Given the attested long-term presence of tawshih
song in Egypt it would be reasonable to expect zajal to have a distinct
identity in that country. However when we seek aabbba-type zajal poetry
in present-day Egypt, the dominant view is that the term "zajal"
means nothing more than the general phenomenon of colloquial strophic poetry,
this by a metanymic process whereby the whole is named from the part. This is
the position expressed by Semah, and also by informed observers. However there
is a further Egyptian source available, dating from the 1890s, which adds a new
dimension to the picture.
In 1893 the Egyptologist Urbain Bouriant,
director of the French Archaeological Museum of Cairo, published a songbook
"based on the manuscripts of a Cairo street singer". This presents a
collection of 33 songs, which it specifies are in "Cairo dialect".
The significant fact for our present study is that most of the poems have headings
specifying that they are zajals.
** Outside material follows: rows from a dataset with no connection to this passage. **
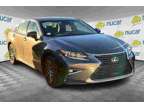 2017UsedLexusUsedESUsedFWD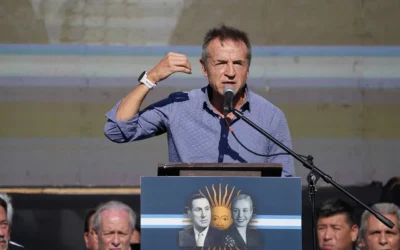 Jorge Solá, de la CGT: «Postergar la reforma laboral es un gran triunfo de los trabajadores»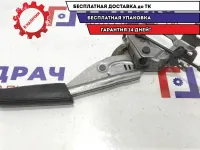 Рычаг стояночного тормоза Skoda Superb 2 1Z1711303C.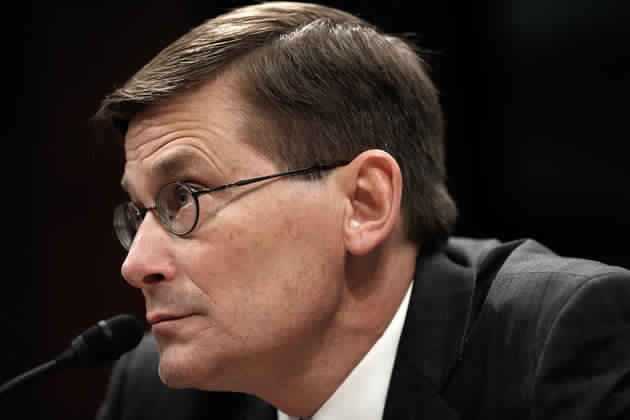 Michael Morell: Trump an 'Unwitting Agent' of Russia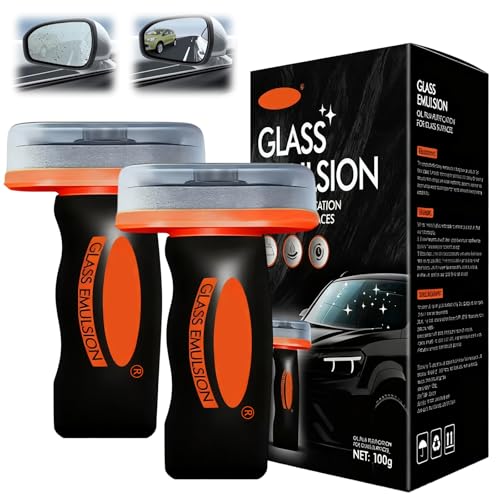 WLLEADG Oil Film Remover Brush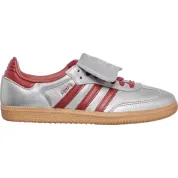 Adidas Samba LT Wmns "Silver Preloved Ruby"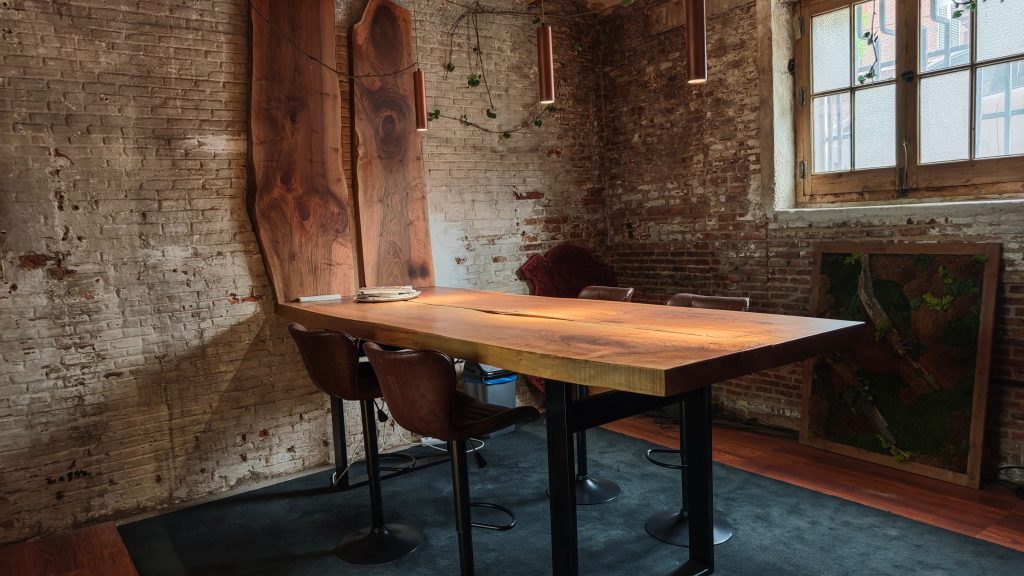 Photo of Espacio Jorge Juan 41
These include praise songs, comic songs
and love songs. Many of the songs have a rhyme scheme which can be
characterised as aabbba in the classic Andalusi manner. An example is
appended at Appendix 3 below.
Given that this was the repertoire of a Cairo
street singer in the early 1890s, can we can know anything about how it sounded
musically? Unlike the song collection of another French Orientalist,
Louis-Albert Bourgault-Ducoudray, who was operating in the Near East twenty
years earlier, this collection provides no musical notation. However Bouriant’s
publication was contemporaneous with the birth of the recording industry and
with the appearance of the first phonograms in Cairo, where the Gramophone
company was active from 1903 servicing a hungry local market. For their home
markets the early record companies provided a plentiful fare of comic and
colloquial material, so something similar might have been expected in Egypt. It
appears that the early Arabic-catalogue materials of Odeon, Beka and others
have not yet been published; however a preliminary inspection of the early
recordings of the Egyptian singer Sheikh Yusuf al-Manyalawi (c.1843/53-1911)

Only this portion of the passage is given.